DATA UNDER STUDY:
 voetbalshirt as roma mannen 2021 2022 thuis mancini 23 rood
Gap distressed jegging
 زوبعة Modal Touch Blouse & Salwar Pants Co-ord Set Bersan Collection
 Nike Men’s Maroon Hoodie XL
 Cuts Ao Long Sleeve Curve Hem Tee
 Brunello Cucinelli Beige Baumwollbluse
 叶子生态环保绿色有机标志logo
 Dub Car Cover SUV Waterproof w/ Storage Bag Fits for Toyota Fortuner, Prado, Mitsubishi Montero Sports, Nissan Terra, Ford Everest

==

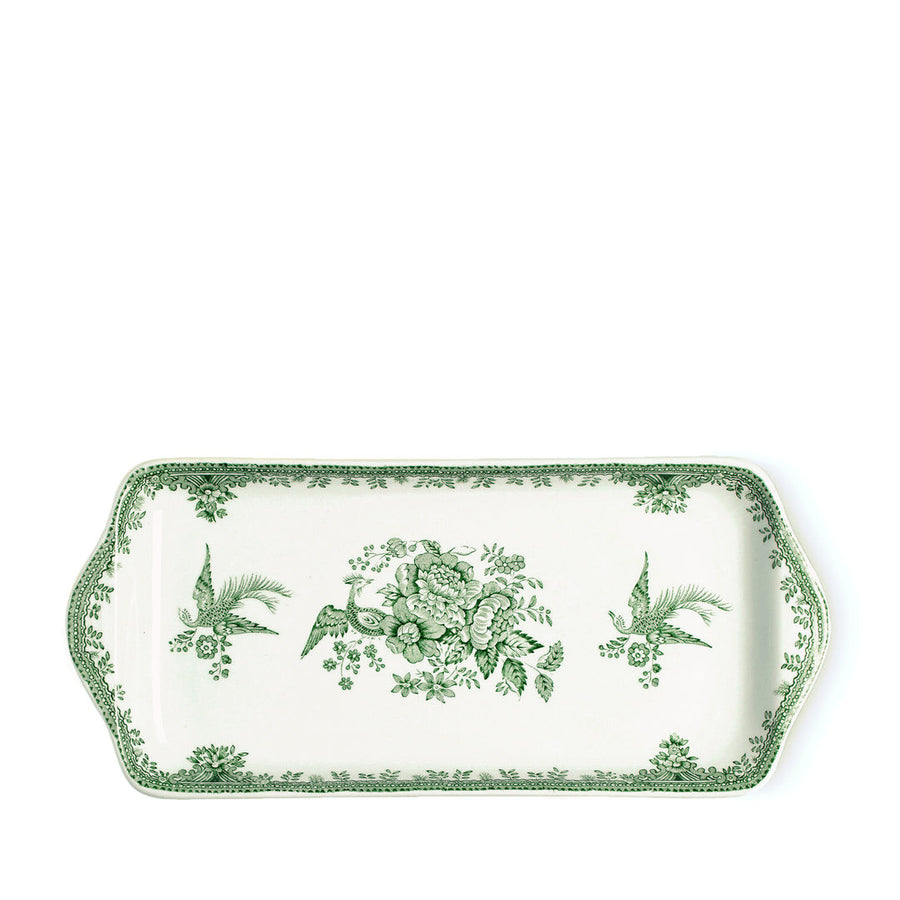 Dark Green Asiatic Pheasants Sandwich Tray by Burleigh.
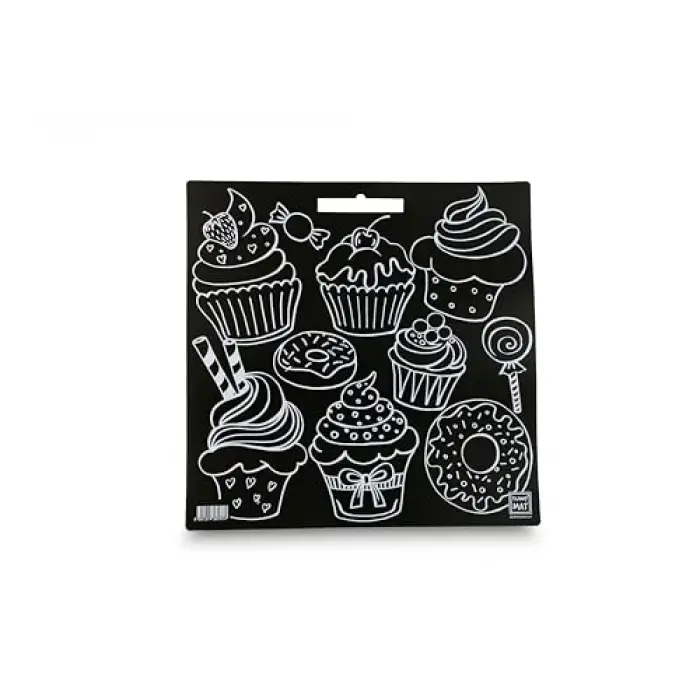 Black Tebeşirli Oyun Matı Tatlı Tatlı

DIRECTIONS:
From the material above, set down exactly the lines between the line holding "زوبعة Modal Touch" and the line holding "Dub Car Cover", inclusive. Include nothing else.

EXPECTED ANSWER:
 زوبعة Modal Touch Blouse & Salwar Pants Co-ord Set Bersan Collection
 Nike Men’s Maroon Hoodie XL
 Cuts Ao Long Sleeve Curve Hem Tee
 Brunello Cucinelli Beige Baumwollbluse
 叶子生态环保绿色有机标志logo
 Dub Car Cover SUV Waterproof w/ Storage Bag Fits for Toyota Fortuner, Prado, Mitsubishi Montero Sports, Nissan Terra, Ford Everest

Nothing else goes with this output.